Line Beauchamp, ministre du Développement durable, de l’Environnement et des Parcs, se dit satisfaite à l’issue du Sommet de Bali.
Ni échec, ni victoire
Sommet de Bali sur les changements climatiques
La 13e conférence des parties tenue à Bali aura timidement atteint ses objectifs. Pour une première fois, 187 pays industrialisés et en voie de développement étaient réunis à une même table afin que tous cheminent vers la prochaine étape de l’après Kyoto. Le premier objectif de rassembler les principaux émetteurs de CO2 dont la Chine, les États-Unis, l’Australie et l’Inde s’est concrétisé. Le deuxième objectif visait l’élaboration d’une « feuille de route » vers un accord climatique planétaire d'ici la fin de 2009. Ce qui a été fait. Cependant, plusieurs s’attendaient à des objectifs concrets, chiffrés et, à ce chapitre, les pourparlers ont avorté, malgré une extension de la durée du sommet. Devant l’urgence d’agir, le Groupe d'expertes sur le climat (GIEC) espérait et préconisait une réduction chiffrée des émissions des pays industrialisés.

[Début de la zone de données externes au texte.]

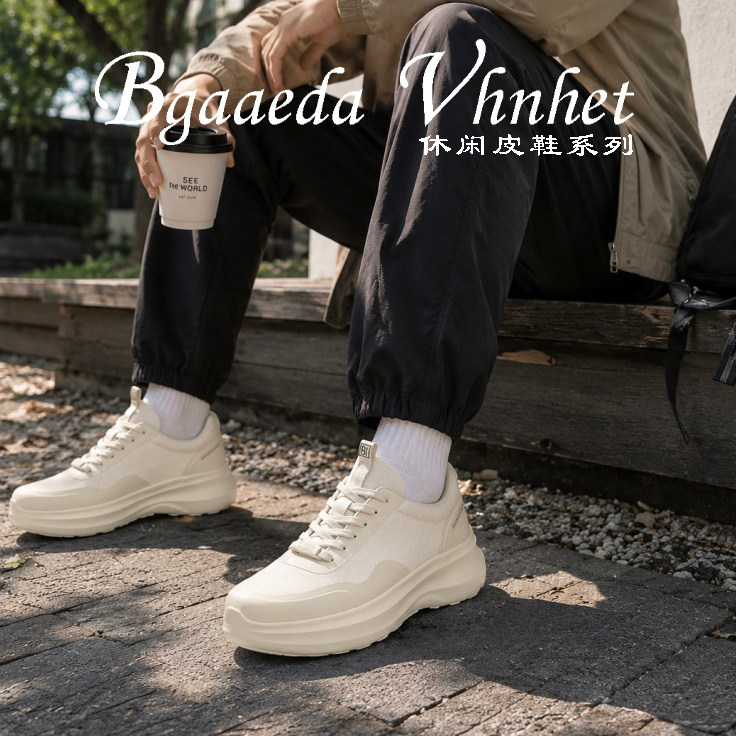 BGAAEDA VHNHET 夏季新款轻奢男鞋系带增高鞋舒适透气网布休闲鞋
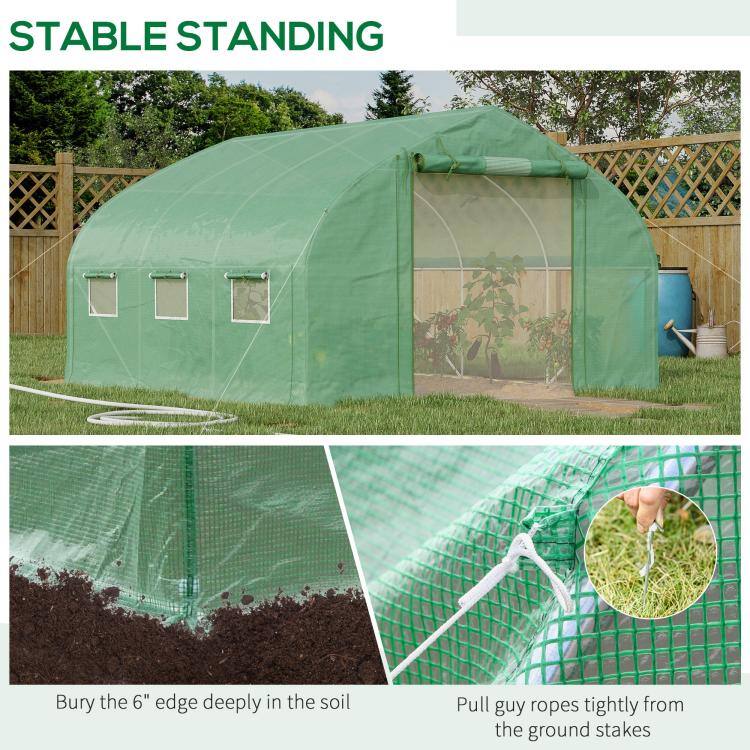 STABLE STANDING

Bury the 6" edge deeply in the soil

Pull guy ropes tightly from the ground stakes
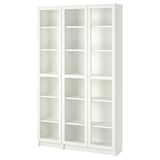 BILLY / OXBERG Bibliothèque vitrée, blanc, 120x30x202 cm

Première conclusion de Moritz Leuenberger après l'adoption du texte: « C'est plus que nous espérions. » « Mais il reste beaucoup à faire. » Au pays, les écologistes partagent leur déception. Chez les politiciens, les opinions sont mixtes. John Baird, ministre de l’Environnement, se dit déçu de ce « faible accord ». Le chef du Parti libéral, Stéphane Dion, demeure optimiste face à l’ensemble des négociations mais se dit fortement déçu de l’accueil fait au Canada, à la conférence. Une réaction bien légitime de la part des représentants à la suite des propos du premier ministre Stephen Harper. Le Canada devra maintenant faire face aux conséquences du désintéressement et de l’inaction de ses politiciens.
Une feuille de route
À Bali, les délégués ont donc établi un cadre de travail afin de sauver l’essentiel et de mieux diriger les négociations des deux prochaines années. Le ministre indonésien de l'Environnement et président de la conférence, Rachmat Witoelar, a déclaré: « Désormais, nous avons une feuille de route de Bali, nous avons un agenda et nous avons une échéance. »
Ainsi, sur la feuille de route, l’ensemble des pays développés s’engagent à agir au plan national. Il s’agit d’actions « vérifiables et mesurables », « notamment une limitation des émissions et des objectifs de réduction quantifiés, tout en garantissant la comparabilité des efforts entre eux, en tenant compte des différences dues à leur situation nationale ».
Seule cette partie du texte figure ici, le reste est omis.